## Problem to work on
Your job is to set down the stretch of entries that opens with the line containing "A wooden picket" and closes with the line containing "Building Photo - 4-Bedroom". Keep both end lines, copy each exactly, and add nothing.

# # #

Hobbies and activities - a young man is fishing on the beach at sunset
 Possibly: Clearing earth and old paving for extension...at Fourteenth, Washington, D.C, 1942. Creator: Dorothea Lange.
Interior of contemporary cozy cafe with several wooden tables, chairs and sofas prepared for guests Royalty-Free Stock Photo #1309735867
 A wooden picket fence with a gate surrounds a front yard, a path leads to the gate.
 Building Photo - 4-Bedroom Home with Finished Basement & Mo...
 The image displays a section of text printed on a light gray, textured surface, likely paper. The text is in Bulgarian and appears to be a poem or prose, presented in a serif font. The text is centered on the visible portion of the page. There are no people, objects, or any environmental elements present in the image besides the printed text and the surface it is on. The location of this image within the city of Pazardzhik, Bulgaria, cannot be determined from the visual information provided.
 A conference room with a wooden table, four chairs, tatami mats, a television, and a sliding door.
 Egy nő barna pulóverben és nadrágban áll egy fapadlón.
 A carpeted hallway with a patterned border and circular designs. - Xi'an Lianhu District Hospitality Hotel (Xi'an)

# # #

## Solution below
 A wooden picket fence with a gate surrounds a front yard, a path leads to the gate.
 Building Photo - 4-Bedroom Home with Finished Basement & Mo...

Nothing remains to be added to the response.